Quantenmaschinelles Lernen kam schnell als potenzielle Anwendung auf. Der Ansatz besteht darin, die Fähigkeiten der Qubits zu nutzen, um den sogenannten Merkmalsraum zu erweitern – die Sammlung von Merkmalen, auf die der Algorithmus seine Klassifizierungsentscheidung stützt. Mit einem größeren Merkmalsraum wird ein Quantencomputer in der Lage sein, selbst in einem riesigen Datensatz, in dem ein klassischer Computer nur zufälliges Rauschen sieht, Muster zu sehen und Klassifizierungsaufgaben durchzuführen.

Angewandt auf die Forschung des CERN könnte ein Quanten-Maschinenlernalgorithmus die Rohdaten des LHC durchsuchen und beispielsweise das Auftreten von Higgs-Bosonen erkennen, bei denen klassische Computer möglicherweise Schwierigkeiten haben, überhaupt etwas zu sehen.

Das Team von IBM entwickelte einen Quantenalgorithmus namens Quantum Support Vector Machine (QSVM), der Kollisionen identifizieren soll, die Higgs-Bosonen produzieren. Der Algorithmus wurde mit einem Testdatensatz trainiert, der auf Informationen basiert, die von einem der Detektoren des LHC generiert wurden, und wurde sowohl auf Quantensimulatoren als auch auf physischer Quantenhardware ausgeführt.

In beiden Fällen waren die Ergebnisse vielversprechend. Die Simulationsstudie, die auf Google Tensorflow Quantum, IBM Quantum und Amazon Braket lief, verwendete bis zu 20 Qubits und einen Datensatz mit 50.000 Ereignissen und schnitt genauso gut, wenn nicht sogar besser ab als klassische Gegenstücke mit dem gleichen Problem.

Das Hardware-Experiment wurde auf IBMs eigenen Quantengeräten mit 15 Qubits und einem Datensatz mit 100 Ereignissen durchgeführt. Die Ergebnisse zeigten, dass die Qualität der Klassifizierung trotz des Rauschens, das die Quantenberechnungen beeinflusste, mit der besten klassischen vergleichbar blieb Simulationsergebnisse.
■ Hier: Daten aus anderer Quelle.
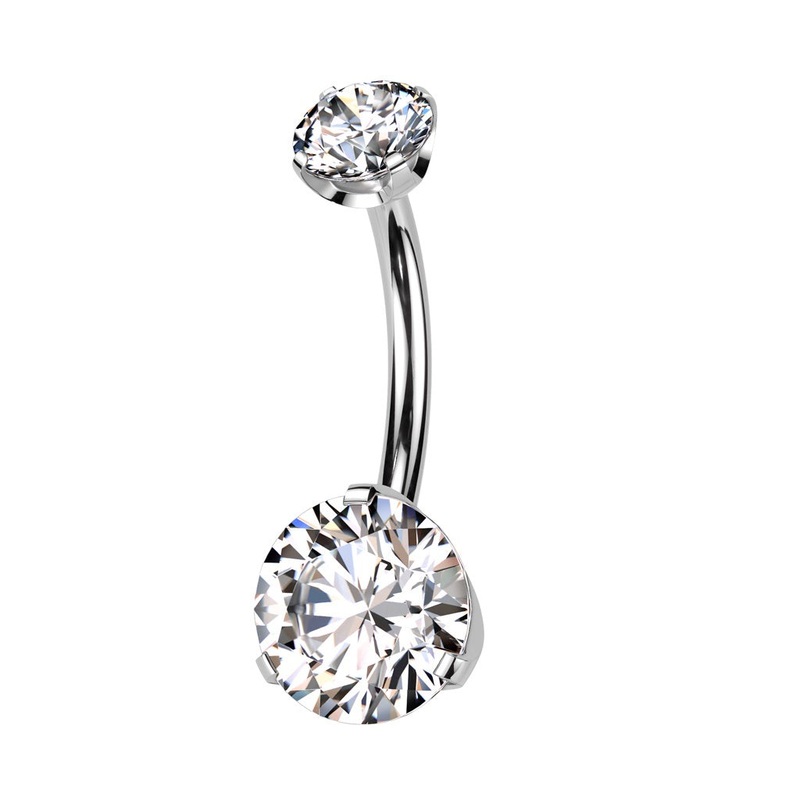 Threadless Push In Double Prong Set CZ Crystal Belly Button Ring – F136 Implant Grade Titanium 10mm (3/8″) 4 & 6mm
„Dies bestätigt einmal mehr das Potenzial des Quantenalgorithmus für diese Klasse von Problemen“, schreiben Tavernelli und Barkoutsos. “Die Qualität unserer Ergebnisse deutet auf eine mögliche Demonstration eines Quantenvorteils für die Datenklassifizierung mit Quanten-Support-Vektor-Maschinen in naher Zukunft hin.”

Das heißt nicht, dass der Vorteil noch bewiesen ist. Der von IBM entwickelte Quantenalgorithmus funktionierte auf den heute existierenden begrenzten Quantenprozessoren vergleichbar mit klassischen Methoden – aber diese Systeme befinden sich noch in einem sehr frühen Stadium.

Und mit nur wenigen Qubits sind heutige Quantencomputer nicht in der Lage, sinnvolle Berechnungen durchzuführen. Sie bleiben auch durch die Zerbrechlichkeit von Qubits verkrüppelt, die sehr empfindlich auf Umweltveränderungen reagieren und immer noch fehleranfällig sind.

Vielmehr setzen IBM und CERN auf zukünftige Verbesserungen der Quantenhardware, um greifbar und nicht nur theoretisch zu demonstrieren, dass Quantenalgorithmen einen Vorteil haben.

„Unsere Ergebnisse zeigen, dass Algorithmen für das maschinelle Lernen von Quanten zur Datenklassifizierung genauso genau sein können wie die klassischen auf lauten Quantencomputern – und damit den Weg für die Demonstration eines Quantenvorteils in naher Zukunft ebnen“, schlossen Tavernelli und Barkoutsos.

Die CERN-Wissenschaftler haben sicherlich große Hoffnungen, dass dies der Fall sein wird. Der LHC wird derzeit aufgerüstet, und die nächste Iteration des Systems, die 2027 online gehen soll, wird voraussichtlich zehnmal so viele Kollisionen verursachen wie die aktuelle Maschine. Die dabei anfallende Datenmenge geht nur in eine Richtung – und schon bald werden klassische Prozessoren das alles nicht mehr bewältigen können.